Zarriel Trotter joined other boys in a sobering public-service announcement last year to voice fear, hopelessness and sadness about gun violence on the streets of Chicago.
“I don’t want to live around my community where I’ve got to keep on hearing and hearing people keep on getting shot, people keep on getting killed,” Zarriel said in the video, which closes with the message: “The loss of a black boy is a loss for America.”
On Friday, the 13-year-old was shot in the lower back by a stray bullet fired during a heated argument on a street several blocks from his home, according to the principal of his school and the co-CEO of the firm that produced the video.
“It’s really heartbreaking to hear one of your students has been hurt in this way,” said Elizabeth Jamison-Dunn, principal at Catalyst Circle Rock Charter School, where Zarriel is a seventh-grader.
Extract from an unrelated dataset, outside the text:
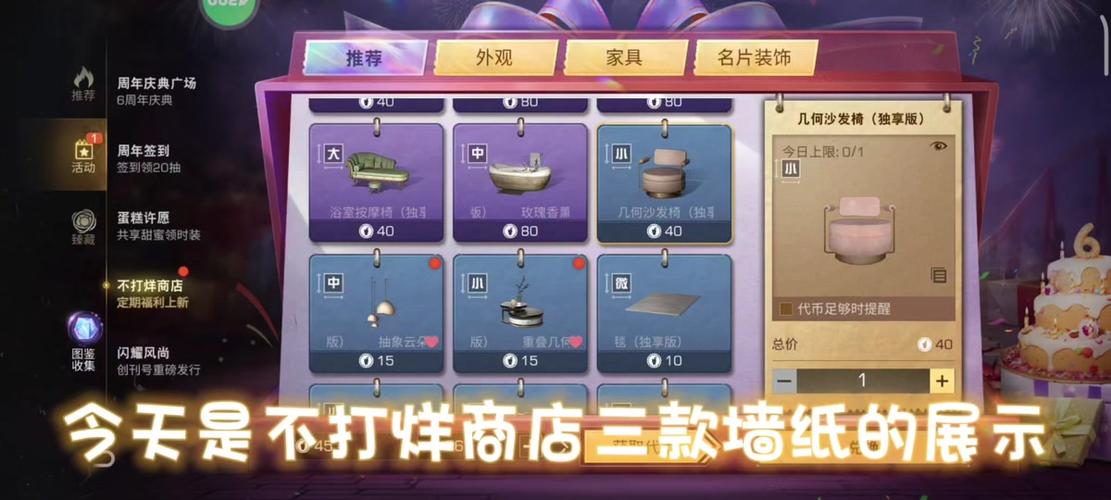 明日之后模拟器推荐用哪一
It was the kind of shooting Zarriel said in the video he was growing tired of hearing about in his community.
“He was an unintended target,” Jamison-Dunn said of the teenager.
Chicago has posted statistics for shootings for the first two months of the year. January saw 51 killings, making it the deadliest month on record in at least 16 years, CNN affiliate WGN reported. February had at least 43 killings.
The Chicago Tribune said the body count made it the deadliest start to a year in the city in nearly two decades. Police have reported that gun and homicide arrests are up.
“This is a war zone. People are afraid,” said the Rev. Michael Pfleger, a Catholic pastor who has gained national attention for his work with troubled young people, particularly those touched by violence.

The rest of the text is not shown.